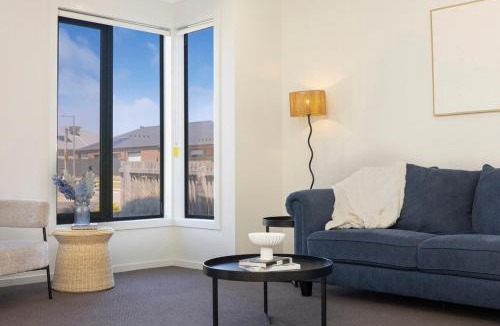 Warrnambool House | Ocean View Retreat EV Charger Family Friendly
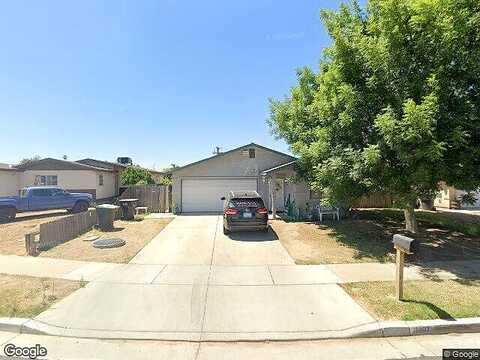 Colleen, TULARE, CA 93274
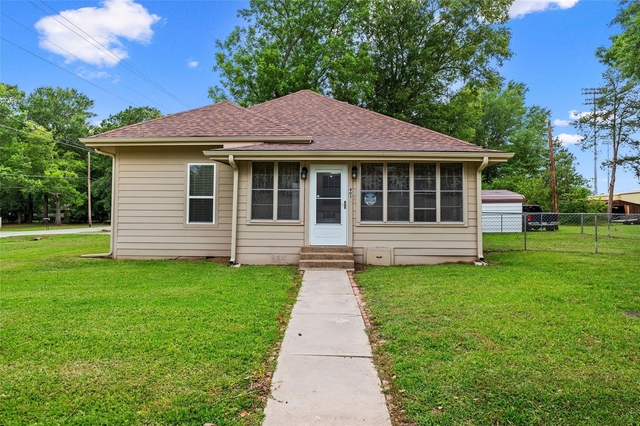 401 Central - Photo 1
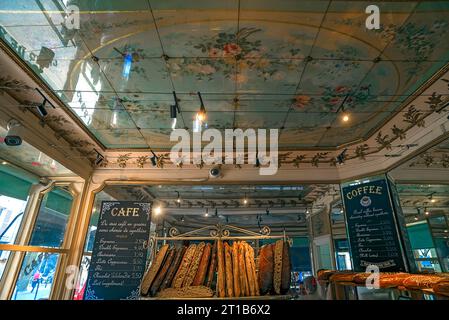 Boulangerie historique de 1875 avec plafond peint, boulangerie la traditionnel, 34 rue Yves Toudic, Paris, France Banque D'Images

==

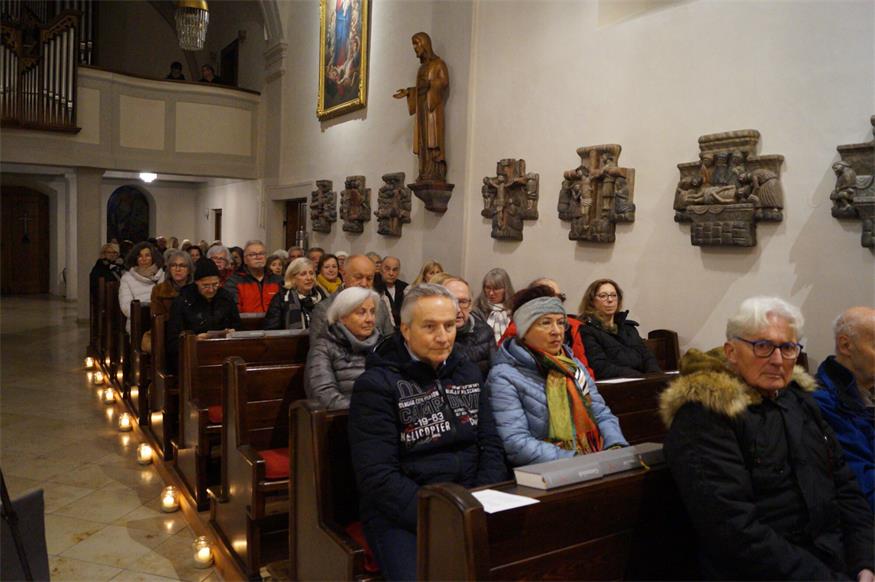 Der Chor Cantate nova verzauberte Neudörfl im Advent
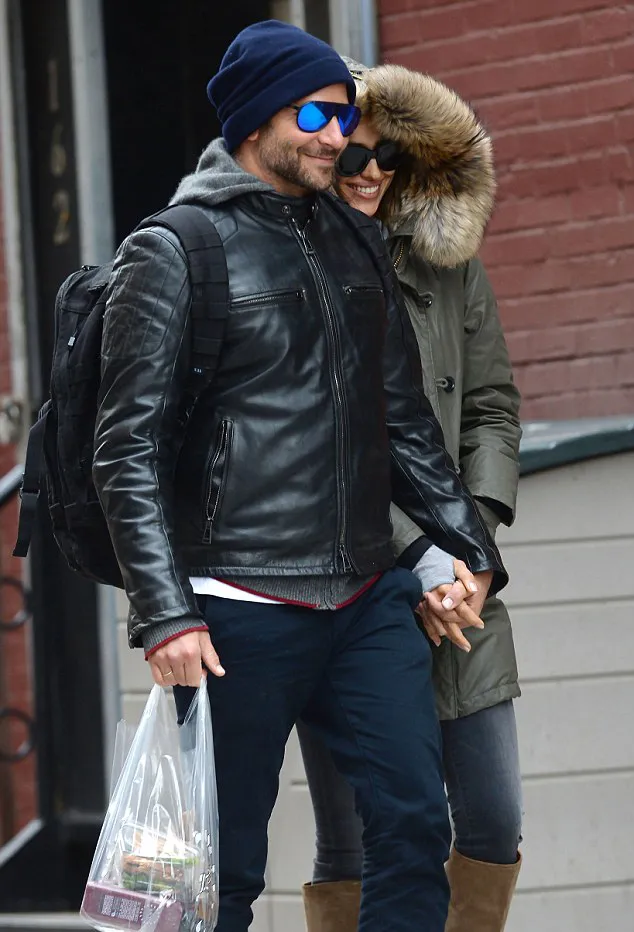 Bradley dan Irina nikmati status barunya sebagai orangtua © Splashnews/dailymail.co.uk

WORK ORDER: Both the line above containing "Der Chor Cantate" and the line containing "Bradley dan Irina" belong in the copy, along with every line between them; print these exactly and omit the pictures.

RESPONSE AREA:
 Der Chor Cantate nova verzauberte Neudörfl im Advent
 Bradley dan Irina nikmati status barunya sebagai orangtua © Splashnews/dailymail.co.uk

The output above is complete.